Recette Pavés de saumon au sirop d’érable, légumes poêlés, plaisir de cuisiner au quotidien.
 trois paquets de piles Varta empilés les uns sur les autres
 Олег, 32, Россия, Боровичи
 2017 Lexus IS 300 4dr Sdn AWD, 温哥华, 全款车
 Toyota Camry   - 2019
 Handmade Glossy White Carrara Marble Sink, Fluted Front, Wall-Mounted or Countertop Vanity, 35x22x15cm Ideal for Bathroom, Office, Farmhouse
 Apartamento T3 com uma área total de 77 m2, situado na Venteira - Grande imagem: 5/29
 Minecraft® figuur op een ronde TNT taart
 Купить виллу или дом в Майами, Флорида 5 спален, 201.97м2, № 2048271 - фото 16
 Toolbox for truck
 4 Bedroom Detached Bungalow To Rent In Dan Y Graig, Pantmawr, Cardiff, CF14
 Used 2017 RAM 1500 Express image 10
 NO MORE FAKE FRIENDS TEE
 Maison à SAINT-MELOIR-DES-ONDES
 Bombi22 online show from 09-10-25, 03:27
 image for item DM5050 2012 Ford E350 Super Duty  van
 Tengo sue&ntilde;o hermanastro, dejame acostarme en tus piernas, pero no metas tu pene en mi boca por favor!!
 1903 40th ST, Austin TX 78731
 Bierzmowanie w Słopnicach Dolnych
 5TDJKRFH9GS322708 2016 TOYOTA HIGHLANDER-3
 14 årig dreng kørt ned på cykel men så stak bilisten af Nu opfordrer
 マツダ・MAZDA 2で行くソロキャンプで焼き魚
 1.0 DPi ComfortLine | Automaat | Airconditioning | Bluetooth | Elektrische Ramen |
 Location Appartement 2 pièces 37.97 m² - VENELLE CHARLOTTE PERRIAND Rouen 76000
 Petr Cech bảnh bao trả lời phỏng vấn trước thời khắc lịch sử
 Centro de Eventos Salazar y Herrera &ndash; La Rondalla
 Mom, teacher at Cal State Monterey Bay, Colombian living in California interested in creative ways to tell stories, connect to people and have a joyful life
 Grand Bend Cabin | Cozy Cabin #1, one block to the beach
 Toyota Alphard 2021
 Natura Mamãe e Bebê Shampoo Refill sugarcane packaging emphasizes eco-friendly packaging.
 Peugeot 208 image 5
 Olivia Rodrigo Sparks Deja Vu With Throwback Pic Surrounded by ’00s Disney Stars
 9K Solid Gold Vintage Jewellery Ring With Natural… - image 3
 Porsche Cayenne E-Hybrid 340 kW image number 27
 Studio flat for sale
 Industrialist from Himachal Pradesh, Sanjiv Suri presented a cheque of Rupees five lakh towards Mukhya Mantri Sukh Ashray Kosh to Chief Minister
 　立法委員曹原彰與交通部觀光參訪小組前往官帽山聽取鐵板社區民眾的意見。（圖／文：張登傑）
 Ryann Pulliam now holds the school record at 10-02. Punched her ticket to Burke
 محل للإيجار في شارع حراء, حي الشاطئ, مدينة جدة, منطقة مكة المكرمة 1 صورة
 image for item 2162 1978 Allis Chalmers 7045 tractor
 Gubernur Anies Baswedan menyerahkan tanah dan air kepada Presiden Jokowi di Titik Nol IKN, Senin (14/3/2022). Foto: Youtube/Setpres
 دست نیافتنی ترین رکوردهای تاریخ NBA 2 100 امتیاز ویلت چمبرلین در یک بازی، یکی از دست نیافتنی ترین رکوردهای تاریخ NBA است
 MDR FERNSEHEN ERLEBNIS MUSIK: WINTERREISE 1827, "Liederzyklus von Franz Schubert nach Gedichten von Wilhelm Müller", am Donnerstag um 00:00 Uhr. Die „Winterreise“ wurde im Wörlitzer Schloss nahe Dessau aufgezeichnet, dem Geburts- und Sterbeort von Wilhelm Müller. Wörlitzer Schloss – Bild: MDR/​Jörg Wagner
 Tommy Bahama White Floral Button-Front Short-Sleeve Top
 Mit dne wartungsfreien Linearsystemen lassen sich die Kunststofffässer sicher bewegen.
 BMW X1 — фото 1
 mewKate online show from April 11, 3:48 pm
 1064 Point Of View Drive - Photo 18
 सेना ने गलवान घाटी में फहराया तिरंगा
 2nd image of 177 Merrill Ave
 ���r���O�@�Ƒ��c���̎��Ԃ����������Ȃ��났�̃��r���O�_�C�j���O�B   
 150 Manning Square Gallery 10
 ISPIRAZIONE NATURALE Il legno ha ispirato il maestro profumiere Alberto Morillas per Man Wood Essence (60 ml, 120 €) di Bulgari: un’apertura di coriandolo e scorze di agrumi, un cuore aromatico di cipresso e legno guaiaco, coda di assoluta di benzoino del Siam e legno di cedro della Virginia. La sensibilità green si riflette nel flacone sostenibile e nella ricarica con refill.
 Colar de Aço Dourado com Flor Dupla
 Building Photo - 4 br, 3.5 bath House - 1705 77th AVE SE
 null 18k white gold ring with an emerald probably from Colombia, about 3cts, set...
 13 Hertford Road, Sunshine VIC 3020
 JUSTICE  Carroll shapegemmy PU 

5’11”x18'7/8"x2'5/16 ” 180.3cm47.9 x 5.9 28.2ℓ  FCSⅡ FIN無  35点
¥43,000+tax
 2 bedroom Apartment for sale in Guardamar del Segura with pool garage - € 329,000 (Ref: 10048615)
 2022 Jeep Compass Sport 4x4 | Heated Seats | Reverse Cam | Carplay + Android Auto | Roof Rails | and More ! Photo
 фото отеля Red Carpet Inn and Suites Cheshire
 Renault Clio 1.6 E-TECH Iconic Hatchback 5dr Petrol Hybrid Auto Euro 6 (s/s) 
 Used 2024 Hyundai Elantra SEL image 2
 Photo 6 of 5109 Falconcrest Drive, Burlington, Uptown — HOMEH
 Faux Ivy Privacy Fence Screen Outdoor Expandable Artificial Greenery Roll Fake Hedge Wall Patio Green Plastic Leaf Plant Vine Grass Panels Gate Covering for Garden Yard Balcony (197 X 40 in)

What you should do: Retype the entries exactly, including every line.

Solved problem:
Recette Pavés de saumon au sirop d’érable, légumes poêlés, plaisir de cuisiner au quotidien.
 trois paquets de piles Varta empilés les uns sur les autres
 Олег, 32, Россия, Боровичи
 2017 Lexus IS 300 4dr Sdn AWD, 温哥华, 全款车
 Toyota Camry   - 2019
 Handmade Glossy White Carrara Marble Sink, Fluted Front, Wall-Mounted or Countertop Vanity, 35x22x15cm Ideal for Bathroom, Office, Farmhouse
 Apartamento T3 com uma área total de 77 m2, situado na Venteira - Grande imagem: 5/29
 Minecraft® figuur op een ronde TNT taart
 Купить виллу или дом в Майами, Флорида 5 спален, 201.97м2, № 2048271 - фото 16
 Toolbox for truck
 4 Bedroom Detached Bungalow To Rent In Dan Y Graig, Pantmawr, Cardiff, CF14
 Used 2017 RAM 1500 Express image 10
 NO MORE FAKE FRIENDS TEE
 Maison à SAINT-MELOIR-DES-ONDES
 Bombi22 online show from 09-10-25, 03:27
 image for item DM5050 2012 Ford E350 Super Duty  van
 Tengo sue&ntilde;o hermanastro, dejame acostarme en tus piernas, pero no metas tu pene en mi boca por favor!!
 1903 40th ST, Austin TX 78731
 Bierzmowanie w Słopnicach Dolnych
 5TDJKRFH9GS322708 2016 TOYOTA HIGHLANDER-3
 14 årig dreng kørt ned på cykel men så stak bilisten af Nu opfordrer
 マツダ・MAZDA 2で行くソロキャンプで焼き魚
 1.0 DPi ComfortLine | Automaat | Airconditioning | Bluetooth | Elektrische Ramen |
 Location Appartement 2 pièces 37.97 m² - VENELLE CHARLOTTE PERRIAND Rouen 76000
 Petr Cech bảnh bao trả lời phỏng vấn trước thời khắc lịch sử
 Centro de Eventos Salazar y Herrera &ndash; La Rondalla
 Mom, teacher at Cal State Monterey Bay, Colombian living in California interested in creative ways to tell stories, connect to people and have a joyful life
 Grand Bend Cabin | Cozy Cabin #1, one block to the beach
 Toyota Alphard 2021
 Natura Mamãe e Bebê Shampoo Refill sugarcane packaging emphasizes eco-friendly packaging.
 Peugeot 208 image 5
 Olivia Rodrigo Sparks Deja Vu With Throwback Pic Surrounded by ’00s Disney Stars
 9K Solid Gold Vintage Jewellery Ring With Natural… - image 3
 Porsche Cayenne E-Hybrid 340 kW image number 27
 Studio flat for sale
 Industrialist from Himachal Pradesh, Sanjiv Suri presented a cheque of Rupees five lakh towards Mukhya Mantri Sukh Ashray Kosh to Chief Minister
 　立法委員曹原彰與交通部觀光參訪小組前往官帽山聽取鐵板社區民眾的意見。（圖／文：張登傑）
 Ryann Pulliam now holds the school record at 10-02. Punched her ticket to Burke
 محل للإيجار في شارع حراء, حي الشاطئ, مدينة جدة, منطقة مكة المكرمة 1 صورة
 image for item 2162 1978 Allis Chalmers 7045 tractor
 Gubernur Anies Baswedan menyerahkan tanah dan air kepada Presiden Jokowi di Titik Nol IKN, Senin (14/3/2022). Foto: Youtube/Setpres
 دست نیافتنی ترین رکوردهای تاریخ NBA 2 100 امتیاز ویلت چمبرلین در یک بازی، یکی از دست نیافتنی ترین رکوردهای تاریخ NBA است
 MDR FERNSEHEN ERLEBNIS MUSIK: WINTERREISE 1827, "Liederzyklus von Franz Schubert nach Gedichten von Wilhelm Müller", am Donnerstag um 00:00 Uhr. Die „Winterreise“ wurde im Wörlitzer Schloss nahe Dessau aufgezeichnet, dem Geburts- und Sterbeort von Wilhelm Müller. Wörlitzer Schloss – Bild: MDR/​Jörg Wagner
 Tommy Bahama White Floral Button-Front Short-Sleeve Top
 Mit dne wartungsfreien Linearsystemen lassen sich die Kunststofffässer sicher bewegen.
 BMW X1 — фото 1
 mewKate online show from April 11, 3:48 pm
 1064 Point Of View Drive - Photo 18
 सेना ने गलवान घाटी में फहराया तिरंगा
 2nd image of 177 Merrill Ave
 ���r���O�@�Ƒ��c���̎��Ԃ����������Ȃ��났�̃��r���O�_�C�j���O�B   
 150 Manning Square Gallery 10
 ISPIRAZIONE NATURALE Il legno ha ispirato il maestro profumiere Alberto Morillas per Man Wood Essence (60 ml, 120 €) di Bulgari: un’apertura di coriandolo e scorze di agrumi, un cuore aromatico di cipresso e legno guaiaco, coda di assoluta di benzoino del Siam e legno di cedro della Virginia. La sensibilità green si riflette nel flacone sostenibile e nella ricarica con refill.
 Colar de Aço Dourado com Flor Dupla
 Building Photo - 4 br, 3.5 bath House - 1705 77th AVE SE
 null 18k white gold ring with an emerald probably from Colombia, about 3cts, set...
 13 Hertford Road, Sunshine VIC 3020
 JUSTICE  Carroll shapegemmy PU 

5’11”x18'7/8"x2'5/16 ” 180.3cm47.9 x 5.9 28.2ℓ  FCSⅡ FIN無  35点
¥43,000+tax
 2 bedroom Apartment for sale in Guardamar del Segura with pool garage - € 329,000 (Ref: 10048615)
 2022 Jeep Compass Sport 4x4 | Heated Seats | Reverse Cam | Carplay + Android Auto | Roof Rails | and More ! Photo
 фото отеля Red Carpet Inn and Suites Cheshire
 Renault Clio 1.6 E-TECH Iconic Hatchback 5dr Petrol Hybrid Auto Euro 6 (s/s) 
 Used 2024 Hyundai Elantra SEL image 2
 Photo 6 of 5109 Falconcrest Drive, Burlington, Uptown — HOMEH
 Faux Ivy Privacy Fence Screen Outdoor Expandable Artificial Greenery Roll Fake Hedge Wall Patio Green Plastic Leaf Plant Vine Grass Panels Gate Covering for Garden Yard Balcony (197 X 40 in)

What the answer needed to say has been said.